I was home alone last night, my troop went out to attend a children’s party, I opted to stay at home since there were already too many of them, the invited by the invited, and out boredom I ate all the green mangoes on our sink top, which I handpicked from our front yard.  I dipped it in salted soy sauce, if that may sound superfluous but that’s the way how I ate it.

Munching over it while watching Gourmet, (another Koreanovela starred Kim Rae Won, by the way Gourmet is a very good material if you want to understand how culture influences the kind of food that we eat and how food is also a culture) My reckless thoughts keep grinding and I thought that we Filipinos really have a lot to say when it comes to mango, we have names for every stage of a mango fruit’s life.

Commonly, English language only have two names for a mango fruit, that is the green mango and the ripe mango, which is the yellow one. But Pinoys have more to that, take these for instance; (Some words are in Bisaya as I’m a native of Davao)
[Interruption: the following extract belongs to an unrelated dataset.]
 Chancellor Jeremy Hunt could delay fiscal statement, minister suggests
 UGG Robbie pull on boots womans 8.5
Putot – for a small very young fruit
Bangkalawag – for bigger green mangoes that has young crunchy seed
Gulang – for big green ones with fiber coated seeds
Gulang-gulang – for mangoes in between gulang and manibalang
Manibalang – for old crunchy just right for bagoong (call it salted rotten fish or whatever, but pinoys only have good thoughts about this delicacy) and sukang tuba dipping
Hinog-hinog – for a stage between ripe and manibalang
Hinog – for a ripe mango, this is the yellow one
Lata-lata – for a stage between ripe and overripe
Lata – for overripe ones
bulok-bulok – for mangoes between overripe and rotten ones
Bulok or dunot – for rotten ones

You see , we have more to tell than the foreign ones, and if you have more to these terms just leave a comment so we can add up to our vocabulary.
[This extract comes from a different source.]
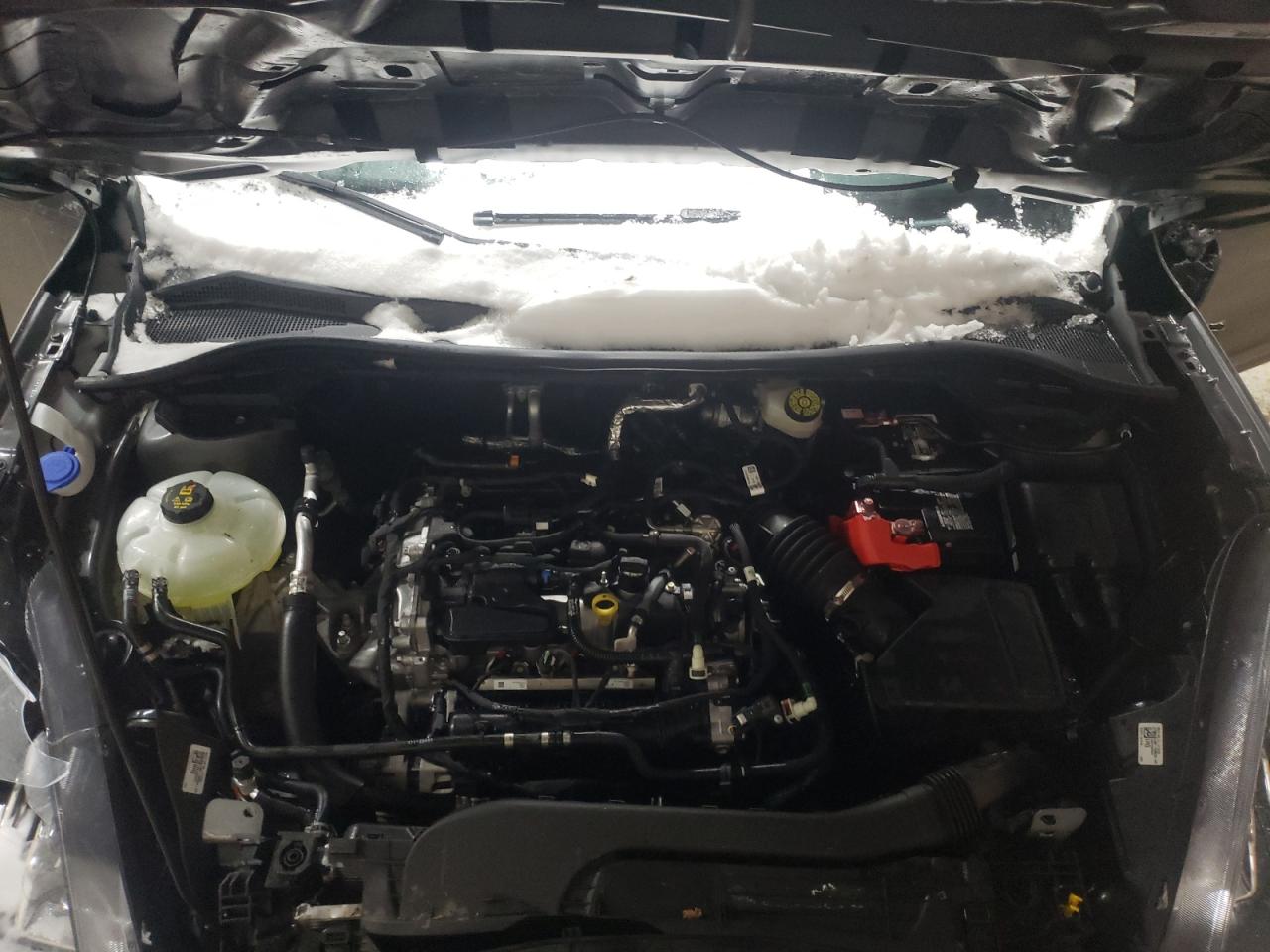 Photo 7 from auction – 2021 FORD ESCAPE SE with VIN 1FMCU9G65MUB29913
That’s for some reckless thinking dude, thanks for dropping by, see again for another experience in this side of town.


  1. Hi Vernz. I did not know there were so many names for the mango. The mangoes in Guimaras, where I live,is known for their sweet tasting mangoes, are in season and are the best mangoes I have ever tasted them. Some of my relatives eat the green mango, too, as you do. I prefer the ripe ones.
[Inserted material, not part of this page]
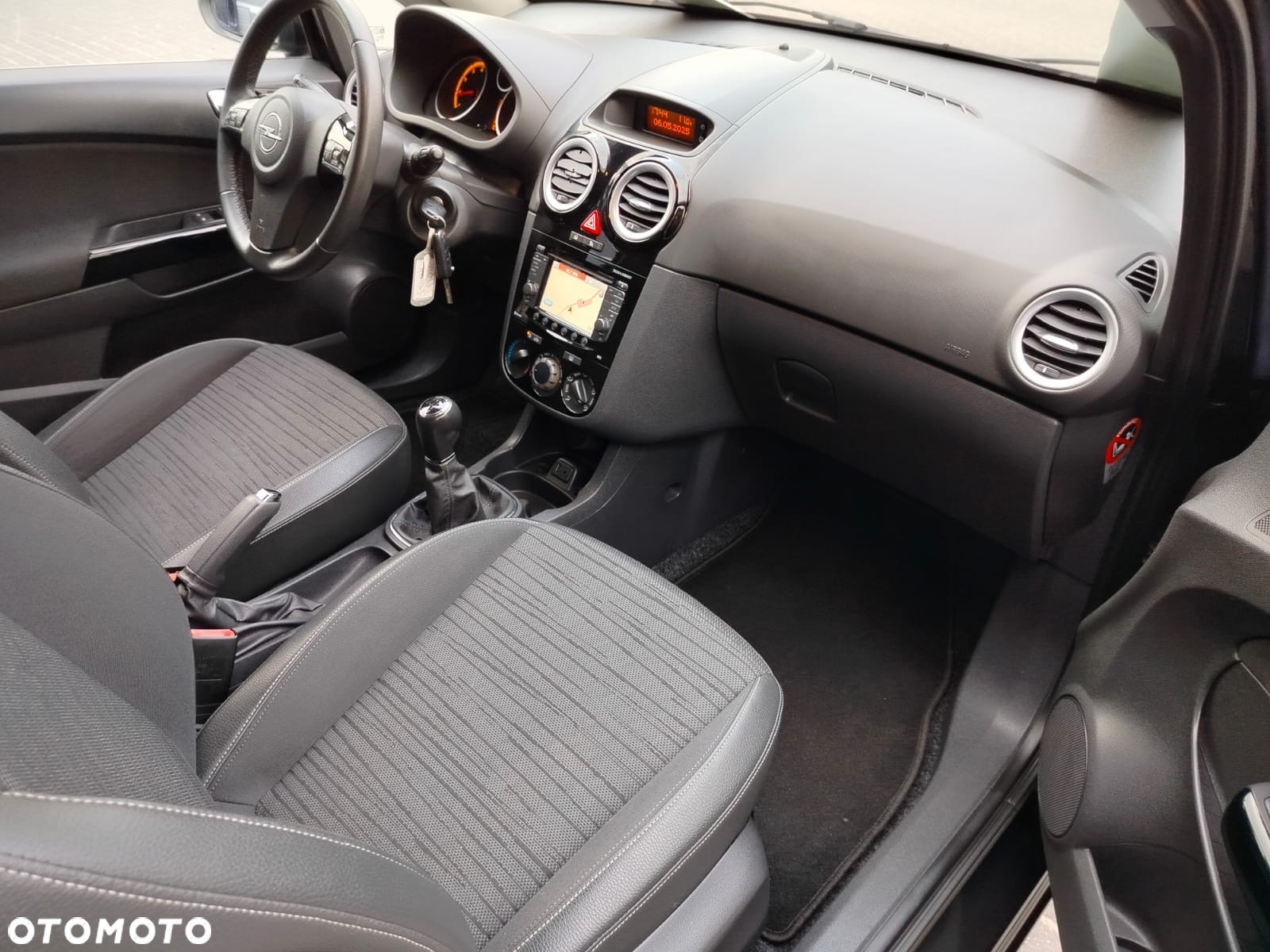 Opel Corsa 1.4 16V Color Edition - 21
  2. Philippines being a tropical country is blessed to produce many types of mangoes, like the Pahutan, indian mango, kalabaw to name a few, and have the sweetest mango in the whole world. :)

  3. I didn't know all these words to describe the various stages of a mango's development.
    And to think we're not even discussing the many varieties!
    How about including those, too?

  4. Hi DAve, Guimaras indeed is known for its flawless mangoes, thanks for dropping by, get well soon.

  5. Josie, thanks for dropping by... we really have a lot of these right?

    Thanks again...

    Jo.attalife.....just me and my out of this world thinking hahaha!